El librero la Fontana・ホンタナ氏の本棚

人生の最後を一番美しく過ごすのは、いつの日か、田舎、といっても町からあまり離れていないところに隠居し、今までに愛読した何冊かの本を、もう一度、書き込みなどしながら読み返すことだ。           (アンドレ・モーロワ「私の生活技術」より)

第三の嘘 (悪童日記第3部)

 記憶のコラージュ

第三の嘘 (ハヤカワepi文庫)

第三の嘘 (ハヤカワepi文庫)

 

悪童日記」「ふたりの証拠」と物語を入れ子状態にし、何が真実かわからない・・ところに追い込まれて第三部「第三の嘘」へ入る。

これまでに起こった(とされている?)エピソードも話者が変わり、時が流れ、少しずつずれていく。

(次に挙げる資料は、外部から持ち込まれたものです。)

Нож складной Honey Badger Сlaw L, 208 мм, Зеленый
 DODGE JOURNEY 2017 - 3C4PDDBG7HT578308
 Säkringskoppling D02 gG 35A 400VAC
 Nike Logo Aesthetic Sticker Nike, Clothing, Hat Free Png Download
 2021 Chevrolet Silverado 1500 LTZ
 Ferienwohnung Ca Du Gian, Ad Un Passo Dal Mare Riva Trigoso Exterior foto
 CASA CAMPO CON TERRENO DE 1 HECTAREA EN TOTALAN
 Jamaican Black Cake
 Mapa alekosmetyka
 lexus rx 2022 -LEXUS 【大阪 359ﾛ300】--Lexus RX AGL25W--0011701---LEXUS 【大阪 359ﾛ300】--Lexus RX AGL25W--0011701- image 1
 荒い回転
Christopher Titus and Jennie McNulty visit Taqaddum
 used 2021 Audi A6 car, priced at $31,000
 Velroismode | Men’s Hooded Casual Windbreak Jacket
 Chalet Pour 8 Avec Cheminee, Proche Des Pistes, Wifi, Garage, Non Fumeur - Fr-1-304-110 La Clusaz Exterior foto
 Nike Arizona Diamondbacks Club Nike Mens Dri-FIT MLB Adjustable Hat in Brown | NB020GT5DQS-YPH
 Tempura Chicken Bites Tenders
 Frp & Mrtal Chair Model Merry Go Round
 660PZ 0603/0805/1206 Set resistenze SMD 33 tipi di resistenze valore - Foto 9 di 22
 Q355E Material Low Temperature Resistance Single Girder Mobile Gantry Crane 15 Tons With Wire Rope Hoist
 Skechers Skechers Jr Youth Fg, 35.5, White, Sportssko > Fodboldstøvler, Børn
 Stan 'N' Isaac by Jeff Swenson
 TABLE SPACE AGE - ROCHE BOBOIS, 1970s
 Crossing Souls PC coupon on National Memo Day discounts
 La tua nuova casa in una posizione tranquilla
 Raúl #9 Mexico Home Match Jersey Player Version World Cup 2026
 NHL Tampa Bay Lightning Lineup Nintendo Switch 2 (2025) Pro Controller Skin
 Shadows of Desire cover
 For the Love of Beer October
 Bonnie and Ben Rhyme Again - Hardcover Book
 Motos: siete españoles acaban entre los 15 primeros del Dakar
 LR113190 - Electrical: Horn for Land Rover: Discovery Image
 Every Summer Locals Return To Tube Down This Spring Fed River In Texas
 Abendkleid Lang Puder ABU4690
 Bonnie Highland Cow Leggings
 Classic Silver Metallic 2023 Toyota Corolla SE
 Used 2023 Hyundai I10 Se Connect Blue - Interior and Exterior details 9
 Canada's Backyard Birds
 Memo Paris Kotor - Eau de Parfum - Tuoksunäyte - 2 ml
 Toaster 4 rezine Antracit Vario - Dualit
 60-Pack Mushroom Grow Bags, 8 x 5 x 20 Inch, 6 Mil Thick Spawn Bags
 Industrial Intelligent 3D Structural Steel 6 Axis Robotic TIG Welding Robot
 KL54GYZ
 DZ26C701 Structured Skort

何が本当のなのかわからない。同じエピソードも意味合いがずいぶんとちがってくる。

現実とはそういうものなのだろう。あの事件は何が原因だったのか、あの過去の時点であの決断をした理由はなんだったのか、50年の時が流れれば、今現在、目の前にある現実の強力さのために過去の記憶は薄暗がりのなかでぼんやりしてくる。そして人は生きていく・・・死んでいく。